So You're Not Having Kids?

I was reading this Months PARENTS or PARENTING or whatever it was, flipping through it much more casually than I did the first time around. The first time around, with #1 I read it like it was the bible. I read it by AGE, I re-read and re-read what to do, what not to do, what to look for, what is dangerous, what is not dangerous but people say is dangerous, what the old wives tales are, and how to get back into the mood to have sex again when all you want to do is sleep (all parenting magazines have this advice. This is how I know that they are written by MEN)....
ANYWAY
There was this article, about "What your friends without kids are tired of". Or something like that. It was actually pretty good, as sort of annoying as it struck me.
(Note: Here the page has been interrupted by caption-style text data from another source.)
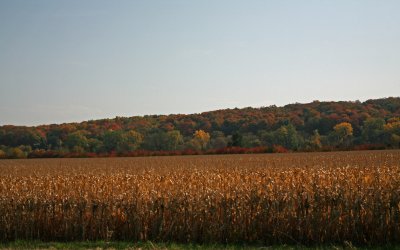Autumn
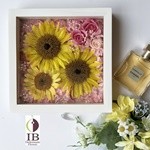 Thumbnail of post image 129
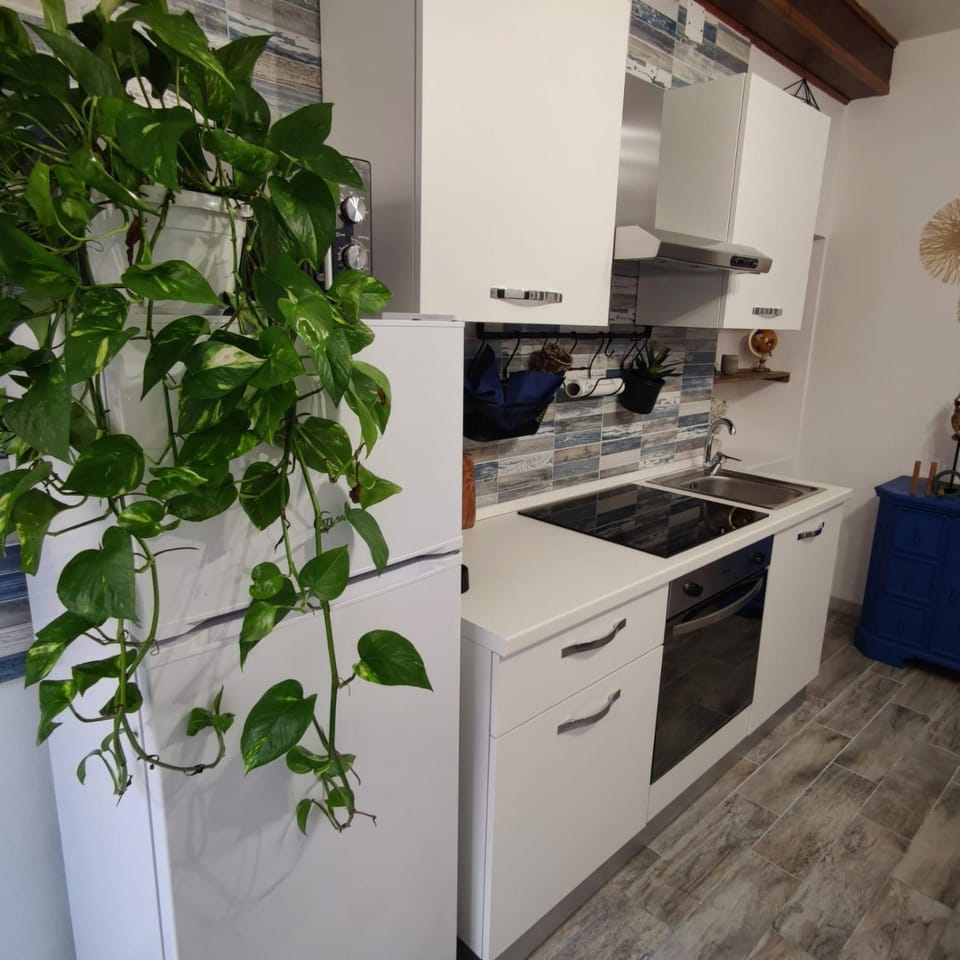 Maison Exotique - Riomaggiore / Cinque Terre / Beach Travel Apartment in Riomaggiore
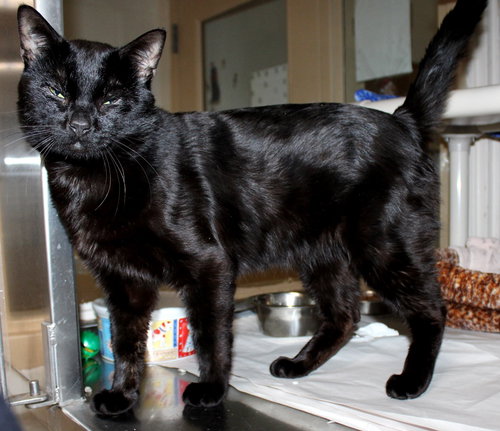 39173 - Romeo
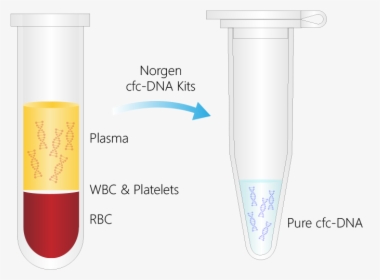 Norgen Cfc-dna Purification - Plasma Cell Free Dna, HD Png Download, Free Download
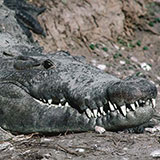  Crocodile 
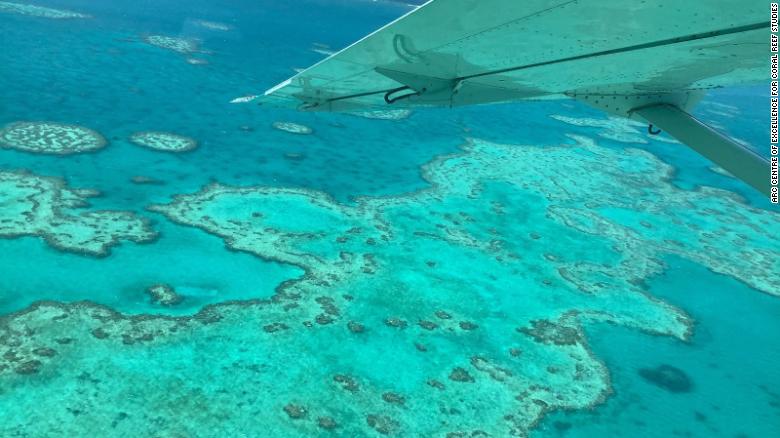Great Barrier Reef Suffers Third Mass Bleaching Event In Five Years Cnn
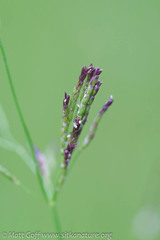 Glyceria grandis
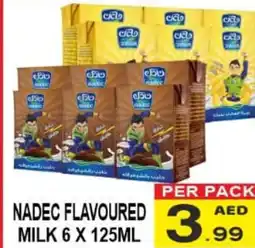Friday Center NADEC FLAVOURED MILK 6 X 125ML offer
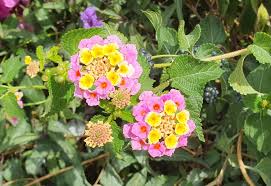 Image result for Lantana tiliifolia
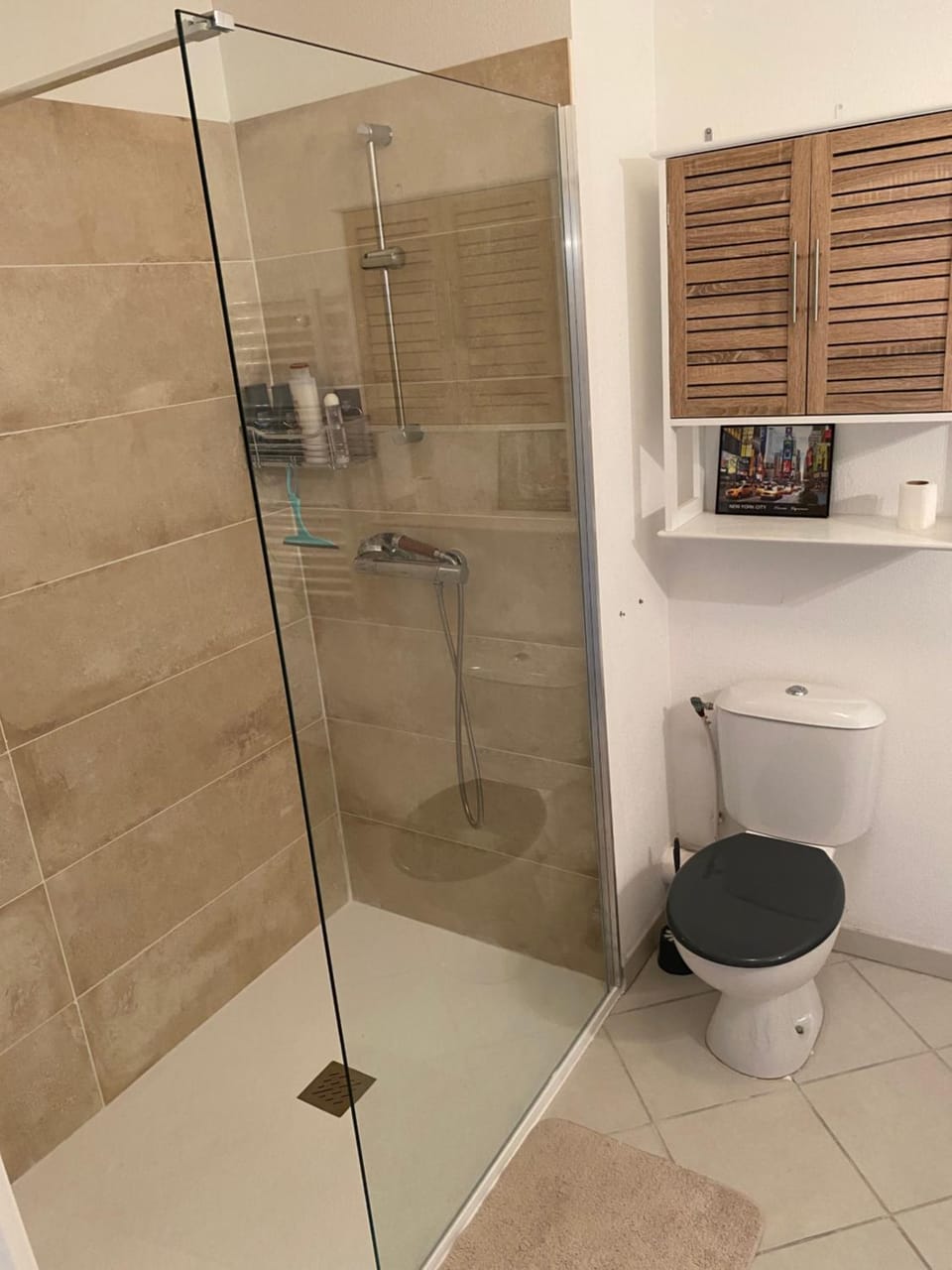 Shower, Toilet, Bathroom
There were lots of handy things in there that I suppose those of us with kids just forget, or ignore as we deal with our other friends, those without kids. And one of the most striking things was the part about "your friends who don't want to have kids so quit hassling them."
I think what happens is that before you have kids, you stand on one shore (this is a metaphor). And everything is cool, and everything is good. I was pretty damn happy on that shore. But then you make this journey, and a LOT of the journey fucking sucks. It sucks ASS at times. But on the other side, well there is stuff you didn't know about. And while it's not all good, it is amazing. It's so much deeper and more engrossing than anything you ever felt in your life,
you just assume that other people will want to come to that place with you.
I think that sometimes we love people a lot - our friends or family, and we want them to feel this happiness, this incredible wash of joy that our children bring us, so unintentionally we try to push the burden of children on them.
We forget the burden part, because it has become like breathing to us.
But in reality, it is a burden. It is stress. It is financial hardship. And it is a commitment unlike anything else in the world. There is a great line in the movie PARENTHOOD - Steve Martin's character remarks "My whole Life is HAVE TO".
And that is what it means to be a parent. Nothing is optional anymore.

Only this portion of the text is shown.